As far as the “grey area”, I was referring to your statement regarding Gothmog having autonomy over Sauron on the battlefield.

As it’s been stated, Sauron wasn’t a soldier that went to battle; he was the visionary Commander in Chief supervising some of Morgoth’s forces; thus he always would have had the authority to bark orders at anyone; even Gothmog; on, or off the battlefield. 

*Well, while I agree with these 2 statements, there seems to be a bit a problem in the middle of the second one.
You state that Sauron wasn't a soldier that went to battle, yet you say he could've barked orders at Gothmog on or off the battlefield. If not going to battle, how could Sauron be there to bark orders at Gothmog?


Personally, I agree that Sauron probably wasn't on the battlefield as a commander under Morgoth in the First Age. He seemed more of a commander of a fortress & 'Governor' that Morgoth set up once he conquered land, much as he had governed Angband while Morgoth was in Utumno.


Kinda the way Eisenhower was Patton's commanding officer in WWII, yet never saw one bit of on field action, ya know?

When the Battle of Sudden Flame took place, Glaurung & his brood, with Balrogs in his train, led the way, no mention of Sauron. Yet Sauron, not Glaurung or Gothmog, gets the spoils & is set up as vassal in the newly conquered Tower of Finrod, Minas Tirith. 
Even when Dorthonian is taken over in the next few years, we see 'Sauron's Hunters' doing the work, not Sauron.

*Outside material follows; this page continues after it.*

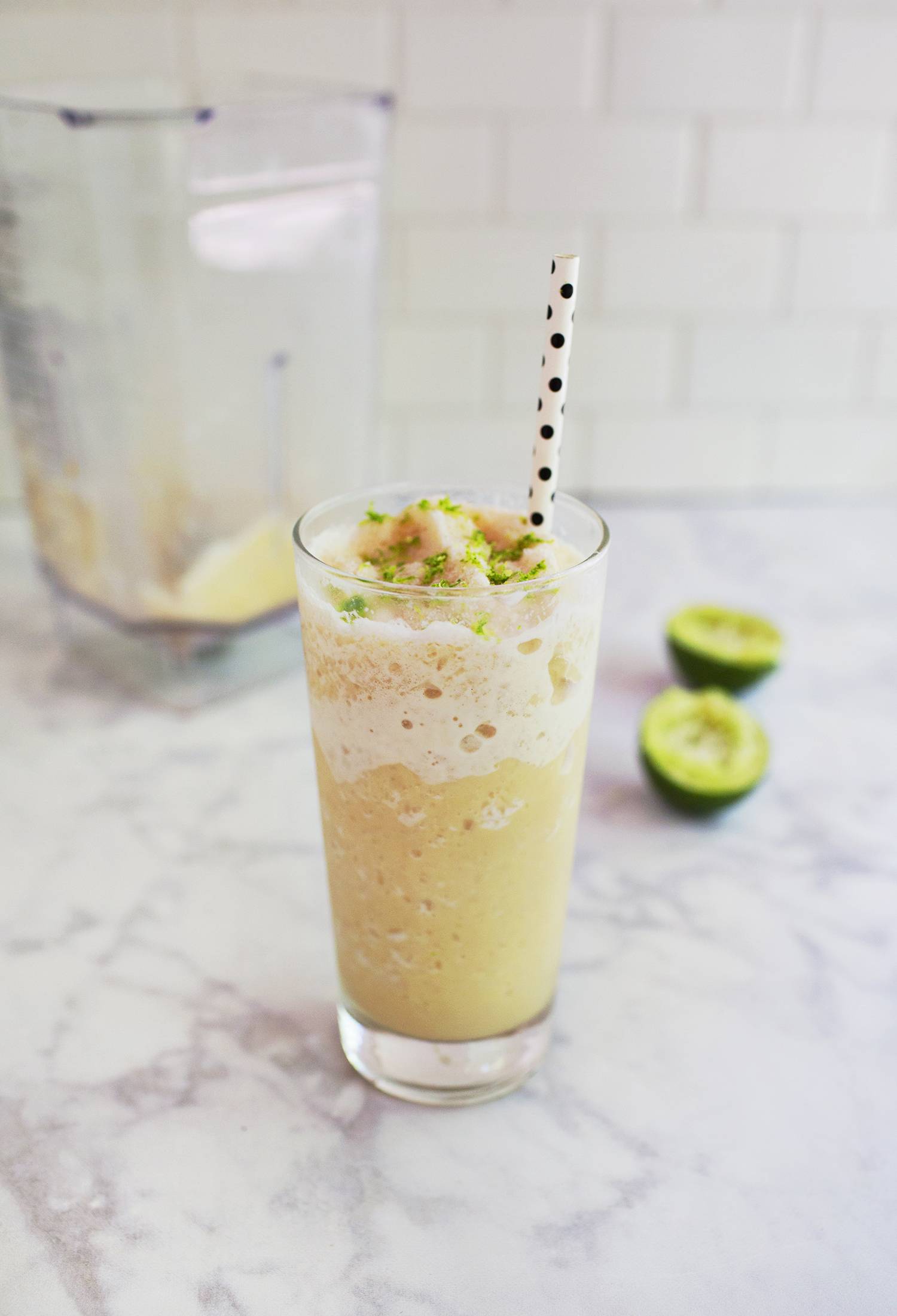 Blended coconut guillermo (lime juice) iced coffee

It is only after Sauron loses the Tower to Luthien that Glarung sets up as a 'king' in Nargothrond. Of course, this is a totally different situation too. Glaurung has just conquered one kingdom & hasn't sent North to be replaced, he's also there for the purpose of destroying the people of Haleth & accomplishing his Master's destruction of the Children/family of Hurin.
So, it's hard to conclude Sauron has fallen out of favor with Morgoth, although it is possible.

Finally, on Sauron's fighting/battlefield capabilities, we do know that in the Second Age, he lead his forces in battle, both when conquering Eriador (that's been mentioned here recently I recall). & at the Seige of Barad-Dur, although somewhat reluctantly as it says somewhere (couldn't find it) that 'finally the seige became so straight that Sauron himself came forth'.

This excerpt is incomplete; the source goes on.